Même son de cloche du côté de Nathalie Petrowski, qui signe le scénario du film d’après une biographie écrite par Mario Roy. «C’est un mariage idéal. Il a saisi l’énergie de Gerry, affirme la journaliste. Mario, c’est un acteur qui a une grande sensibilité et beaucoup de profondeur.» Le tournage de Gerry se poursuit jusqu’au 8 juin.

Un film rassembleur

cinéma. Gerry arrivera sur les écrans en mars 2011, soit deux ans après la sortie d’un autre long métrage sur une icône du rock québécois, Dédé à travers les brumes. Contrairement au film de Jean-Philippe Duval sur le chanteur des Colocs, celui d’Alain DesRochers couvrira tout le passage sur terre du leader d’Offenbach, de son enfance à sa mort, en 1990, d’un cancer du côlon.

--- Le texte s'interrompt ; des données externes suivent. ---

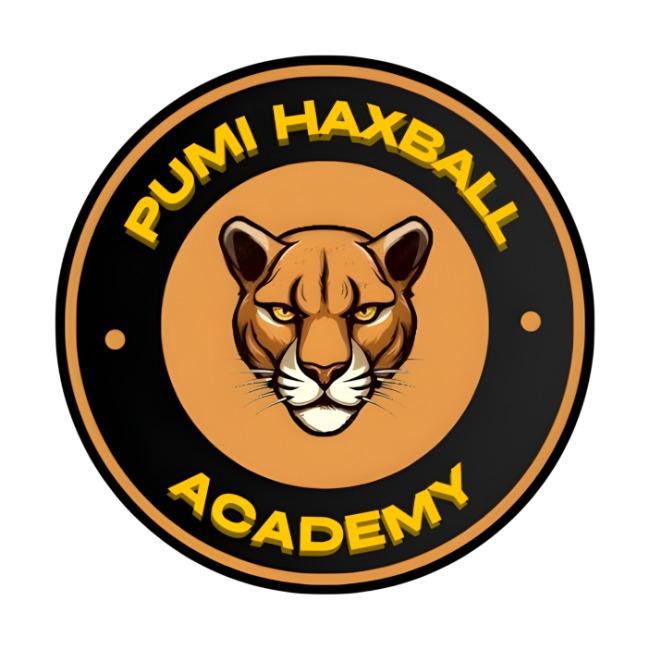 Pumi Haxball Academy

De son propre aveu, Nathalie Petrow­ski n’a pas cherché à réinventer la roue avec Gerry. La scénariste de Miss Météo et de Maman Last Call a signé un biopic conventionnel et non une fable à la Gainsbourg (vie héroïque). «On ne fait pas un film d’auteur; on fait un film rassembleur sur un des pionniers de la musique québécoise, précise-t-elle. Je n’ai pas essayé de faire des guidis-guidis.»

Alain DesRochers révèle pour sa part que l’Å“uvre montrera la dualité du rockeur. «Gerry, il  était à la fois solide et fragile, note le réalisateur. C’était un gars qui aimait rire. C’était pas juste un trouble maker.»

En chiffres

  • Le film comptera une vingtaine de chansons de Gerry Boulet. C’est la voix du rockeur et non celle de Mario Saint-Amand qu’on entendra la plupart du temps. «J’ai laissé Mario chanter quand on relate les débuts de Gerry, à l’époque où il chantait dans un français plus international», indique Alain DesRochers.

  • Gerry est doté d’un budget de 6 M$, et DesRochers en a tiré le maximum. «On a des scènes d’envergure, dit-il. C’est hallucinant!»